India’s economic rise on the world stage and the changing geo-political and security scenarios transformed the IAF’s perceptions of its vastly changing and enhanced roles and responsibilities. The IAF began to appreciate the necessity to acquire comprehensive operational capabilities characterised by flexibility, quick response, mobility and transportability of all forms of national power, as well as, long reach and precisiontargeting fire power with minimal collateral damage—all attributes of a modern strategic air force. In this scenario, how should the IAF work towards building its capabilities into the 2030s? Any assessment of the future direction of the IAF must take into account the likely capabilities of countries whose air power could impinge on India’s security, in particular, and its enhanced global responsibilities, in general.
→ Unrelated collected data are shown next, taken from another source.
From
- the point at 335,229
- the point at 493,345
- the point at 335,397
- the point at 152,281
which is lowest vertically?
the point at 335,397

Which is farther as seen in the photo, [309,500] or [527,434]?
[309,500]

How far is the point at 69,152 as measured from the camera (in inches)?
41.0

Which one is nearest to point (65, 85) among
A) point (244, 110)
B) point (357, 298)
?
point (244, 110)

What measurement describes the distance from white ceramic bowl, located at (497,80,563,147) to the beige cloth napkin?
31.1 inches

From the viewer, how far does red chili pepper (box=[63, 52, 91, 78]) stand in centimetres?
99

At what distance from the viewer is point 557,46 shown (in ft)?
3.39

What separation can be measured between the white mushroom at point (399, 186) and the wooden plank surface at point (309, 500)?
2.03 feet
Two major adversaries in India’s immediate neighbourhood are China and Pakistan. China’s military modernisation, progressing purposefully for more than two decades, received another shot in the arm in the early 1990s when Beijing observed the superiority demonstrated by the coalition forces in the first Iraq war. This was also the time when it started to have access to the Soviet/Russian latest technologies and design base.
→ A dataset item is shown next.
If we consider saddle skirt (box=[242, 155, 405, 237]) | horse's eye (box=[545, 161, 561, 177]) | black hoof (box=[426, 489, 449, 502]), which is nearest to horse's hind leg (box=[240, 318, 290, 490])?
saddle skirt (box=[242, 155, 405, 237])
China’s modernisation drive to replace its antiquated weapon systems with the help of Russian technology and expertise saw the rapid transformation of People’s Liberation Army Air Force (PLAAF) which, by 2005, had acquired close to 400 Su-27/Su-30 aircraft. This figure continues to increase with China’s home production of J-11 aircraft. In addition, domestic production of other types such as JH-7/7A, FC-1 and J-10 is progressing at a feverish pitch. PLAAF is close to realising its aim to have a predominantly Fourth Generation air force providing it with all-pervading capabilities of a modern, state-ofthe-art, offensive air arm with matching force-multipliers and support systems in a network-centric warfare scenario.
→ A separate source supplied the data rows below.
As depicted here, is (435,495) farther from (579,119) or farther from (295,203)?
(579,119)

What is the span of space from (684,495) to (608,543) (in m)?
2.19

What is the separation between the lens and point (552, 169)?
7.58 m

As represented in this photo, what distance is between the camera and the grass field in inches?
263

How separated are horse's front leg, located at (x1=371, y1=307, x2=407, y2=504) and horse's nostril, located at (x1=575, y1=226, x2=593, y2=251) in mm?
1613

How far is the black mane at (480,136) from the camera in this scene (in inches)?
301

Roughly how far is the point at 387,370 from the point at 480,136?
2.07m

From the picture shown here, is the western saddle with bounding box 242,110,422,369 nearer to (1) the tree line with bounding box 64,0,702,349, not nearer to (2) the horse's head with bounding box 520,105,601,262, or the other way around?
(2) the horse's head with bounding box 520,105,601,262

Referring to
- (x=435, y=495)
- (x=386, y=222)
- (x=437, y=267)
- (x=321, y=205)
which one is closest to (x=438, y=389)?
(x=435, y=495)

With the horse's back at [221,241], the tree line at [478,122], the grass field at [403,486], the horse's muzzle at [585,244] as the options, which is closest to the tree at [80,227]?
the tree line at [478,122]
As a partner in US’ ‘Global War On Terror’, Pakistan has been already supplied with $11 billion (Rs 52,860 crore) worth of modern weapon systems, including the latest F-16 aircraft, which even deposed dictator General Pervez Musharraf admitted recently could be used against India. In addition, Pakistan has started producing the JF-17 Thunder (Chinese FC-1) indigenously. The Pakistan Air Force is being given maximum priority to transform itself into a modern fighting force. Soon, India could be confronted with 1,500 to 2,000 Fourth Generation combat fighter jets at its two borders.
Enhancing Combat Power
Against this backdrop, the IAF has to build itself to face the emerging threats and future challenges. So what sort of air force is visualised in 2030, a time when the IAF will also be getting ready to celebrate its centenary? The present discussion will focus on the issue of combat power.
An earlier assessment that a somewhat qualitatively improved 35-squadron force would be reasonably efficient was obviously flawed in the rapidly changing security paradigms. The IAF is at present struggling with a depleted strength of around 30 squadrons, amounting to a numerical degradation by 25 per cent of its earlier strength of 39-and-half. Once again, there was seemingly flawed thinking in some quarters that force multipliers could offset shrinking force levels. But force multiplication can never be a substitute for force, and this is even more so when the adversary also possesses force multipliers. It is known that China is well ahead of India in force multipliers and Pakistan is trying its utmost to catch up, while, as stated earlier, both are feverishly modernising their combat force levels.
Evidently, the IAF will have to embark on not just a modernisation plan but also a comprehensive inventory augmentation programme to build up its combat force to the desired levels. While it is not suggested that the IAF should match its adversaries ‘brick-for-brick and stone-for-stone’ but it would certainly have to work towards building capabilities to manage a two-front requirement with a proper mix of high, medium and low-end performance aircraft. It must also be remembered that the very definition of ‘performance’ continues to change with the continuing infusion of ever-increasing high-end technologies.